What is needed:
Retype the lines below exactly, from the one that contains "Casa 3 ambientes" through the last, and leave every picture out.

[[ Material provided open ]]

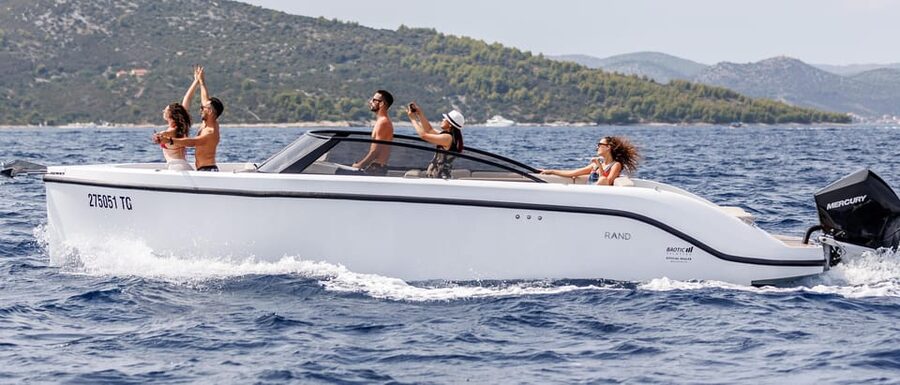 Zadar: Guided Tour to Ugljan, Osljak, & Galevac by Speedboat - Ošljak: a tiny island with room to slow down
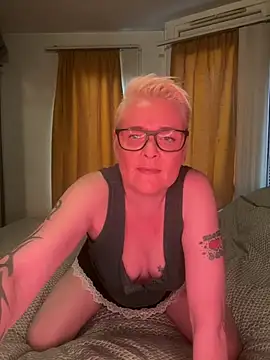 Gizzithehotone online show from March 20, 2026, 3:13 pm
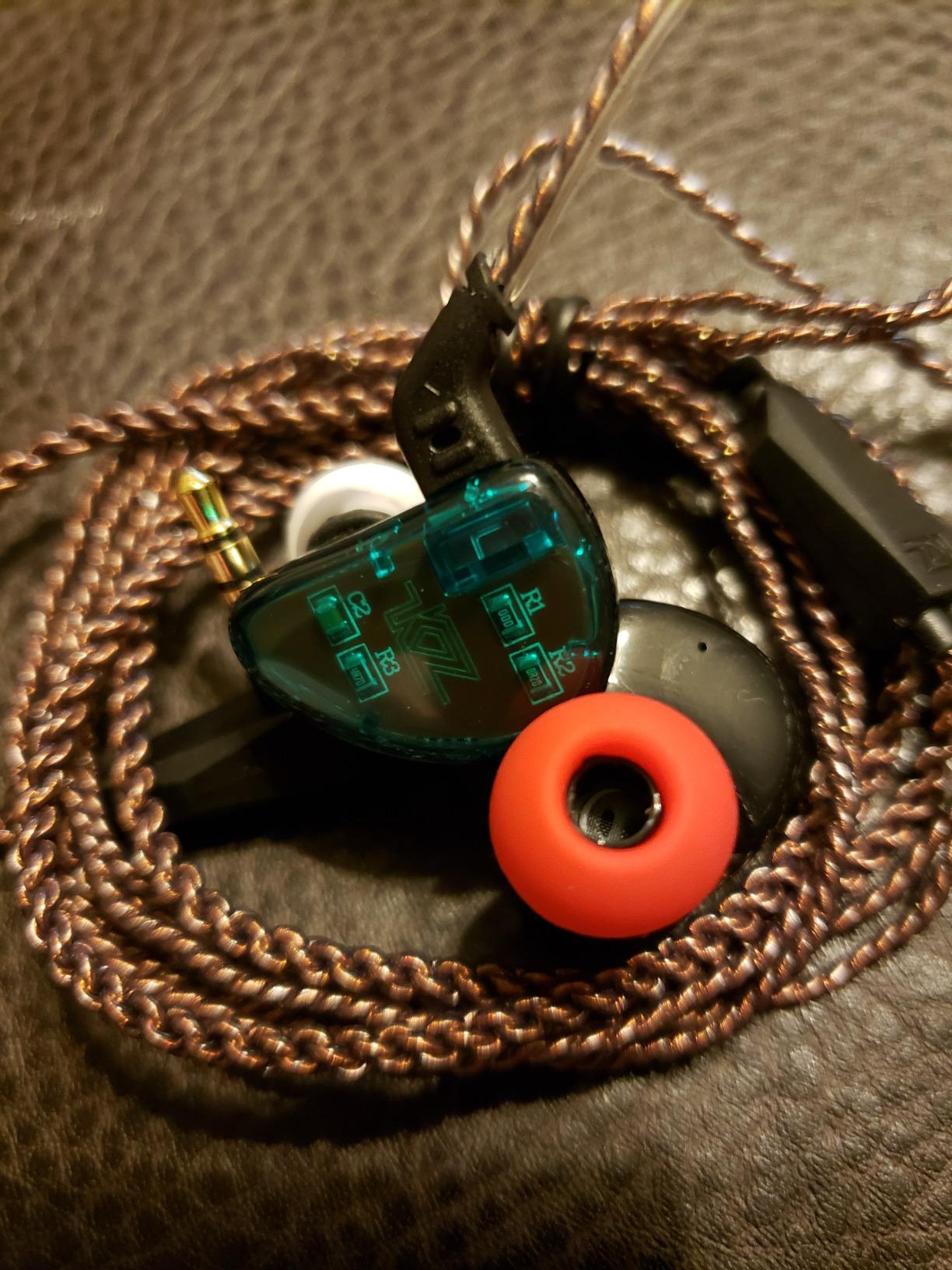KZ AS10 in Ear Monitor Earbuds Headphone, Pure 5 Balanced Armature 5BA KZ Earbuds Earphone, Musician in Ear Monitor Headphone High Fidelity HiFi Headset (No Microphone, Green) customer photo 2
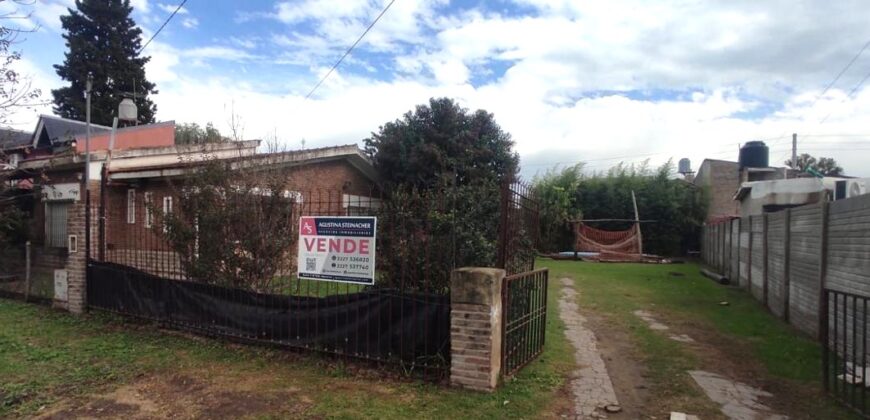 Casa 3 ambientes con gran parque en Las Heras, Bs As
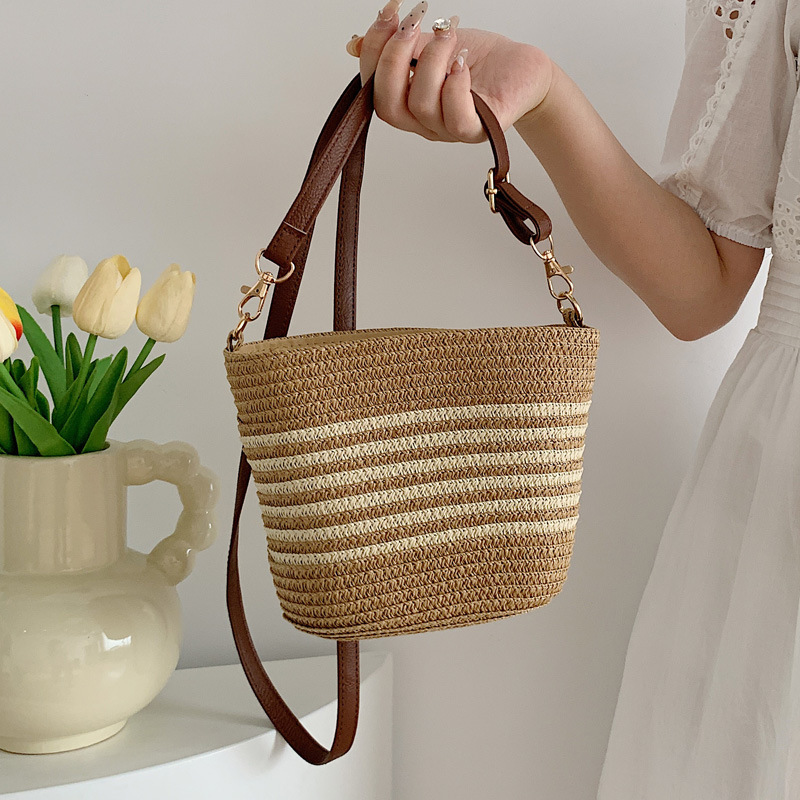 2025S Designer Women S Bag Grass Woven Women S Summer Ins Style New Beach Outdoor Travel Vacation Bucket Crossbody Bag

[[ Material provided closed ]]

Written solution:
 Casa 3 ambientes con gran parque en Las Heras, Bs As
 2025S Designer Women S Bag Grass Woven Women S Summer Ins Style New Beach Outdoor Travel Vacation Bucket Crossbody Bag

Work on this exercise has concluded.